Tether is expanding its open-source funding efforts with new grants for decentralised wallet, payment, and local-first AI developers building independent infrastructure without centralised intermediaries.
Tether has launched a new grants initiative aimed at developers building open-source wallet, payment, decentralised infrastructure, and local-first AI tools on its open technology stack. The programme focuses on software designed to operate independently without relying on custodians, exchanges, cloud infrastructure, or external APIs.
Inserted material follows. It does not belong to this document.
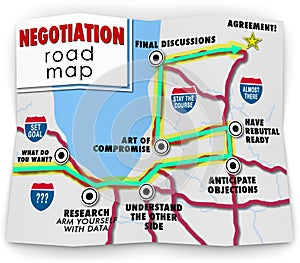 Negotiation Road Map Directions Agreement Common Benefit Goal photo
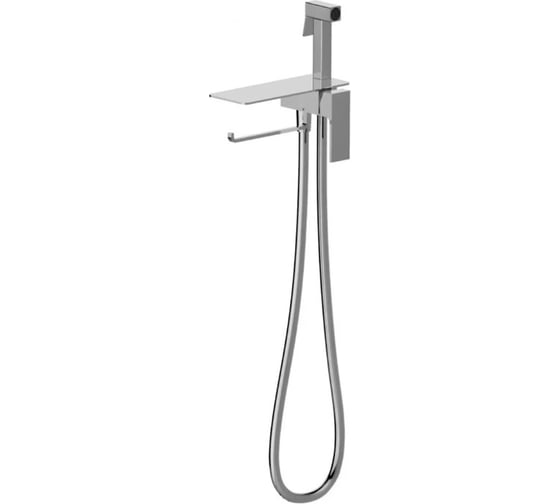 Смеситель встроенный ViEiR с гигиеническим душем полкой и держателем полотенца хром для биде и гигиенического душа V393052 1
A major part of the initiative centres on Tether’s open-source Wallet Development Kit (WDK), which enables developers to embed self-custodial wallets directly into mobile, desktop, and embedded applications. The toolkit allows users to manage keys locally, sign transactions, and transfer funds without custodial intermediaries while integrating payments directly into applications.
The initiative is also tied closely to Tether’s QVAC platform, an on-device AI system that processes data locally instead of relying on cloud-based infrastructure. Tether said the approach helps reduce dependence on third-party systems while supporting local-first AI execution.
Grants will support wallet tools, browser extensions, AI applications, peer-to-peer networking, cryptography research, infrastructure tooling, integrations, and open standards. Funding will be distributed as task-based payouts ranging from $1,500 to $4,000, paid in Bitcoin or USDT.
“We’re taking a different approach. If you can build something that runs locally, holds value directly, and doesn’t rely on external providers, we’ll fund it. That’s how you get real systems into the market,” said Paolo Ardoino.
The programme expands Tether’s broader open-source and Bitcoin-focused funding efforts, including previous grants to the BTCPay Server Foundation and donations to OpenSats.